[Stored records]
....
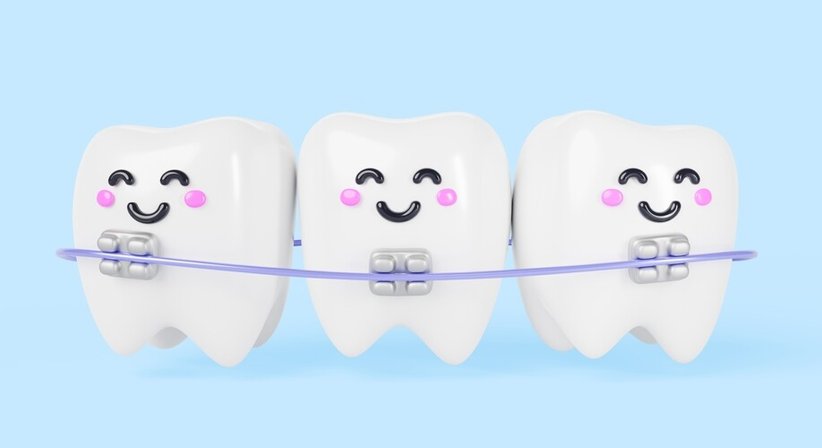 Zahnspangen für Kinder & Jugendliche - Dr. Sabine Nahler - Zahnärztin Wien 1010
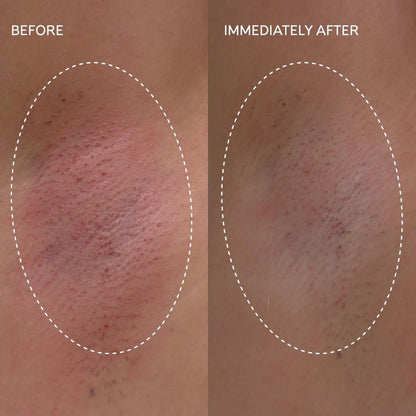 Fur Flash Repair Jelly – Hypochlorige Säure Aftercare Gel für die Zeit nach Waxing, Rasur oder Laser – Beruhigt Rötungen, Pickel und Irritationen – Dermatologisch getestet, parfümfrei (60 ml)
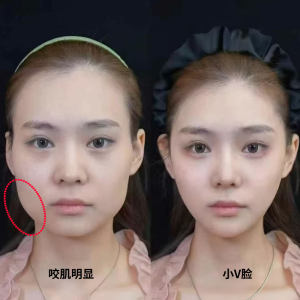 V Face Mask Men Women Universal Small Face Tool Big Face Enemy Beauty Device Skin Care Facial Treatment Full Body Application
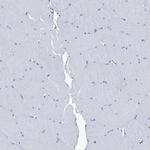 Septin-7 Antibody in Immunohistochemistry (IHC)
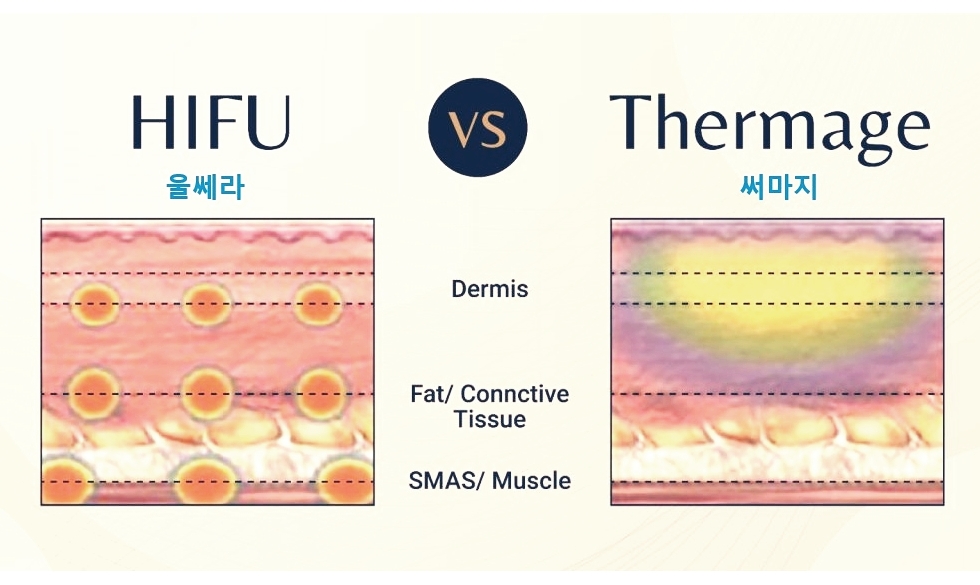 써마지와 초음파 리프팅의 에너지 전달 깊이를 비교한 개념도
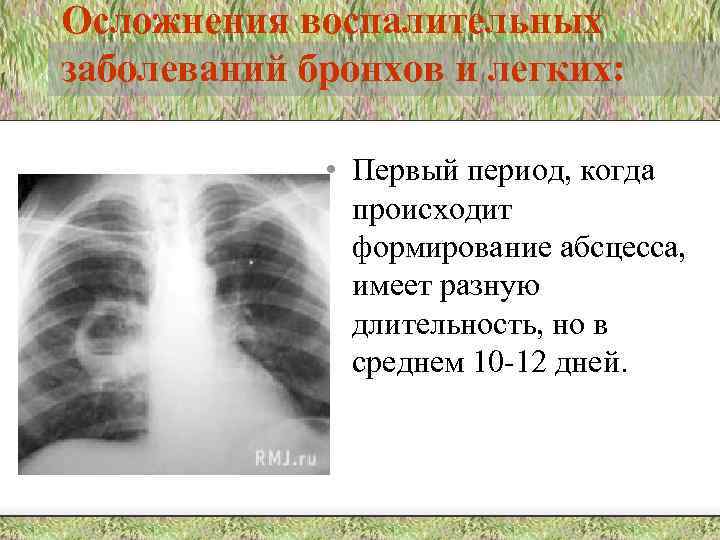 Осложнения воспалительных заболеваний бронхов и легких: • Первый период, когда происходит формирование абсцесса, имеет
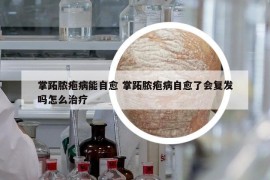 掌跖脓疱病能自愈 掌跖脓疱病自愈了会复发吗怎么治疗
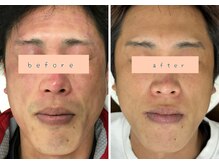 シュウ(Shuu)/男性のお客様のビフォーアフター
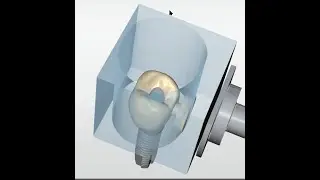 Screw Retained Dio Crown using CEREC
....
• **TASK TO CARRY OUT**
Exact text is required for the lines from the one with "Осложнения воспалительных заболеваний" through the last line of the entries, both included. Omit pictures.

• **WORKED SOLUTION**
 Осложнения воспалительных заболеваний бронхов и легких: • Первый период, когда происходит формирование абсцесса, имеет
 掌跖脓疱病能自愈 掌跖脓疱病自愈了会复发吗怎么治疗
 シュウ(Shuu)/男性のお客様のビフォーアフター
 Screw Retained Dio Crown using CEREC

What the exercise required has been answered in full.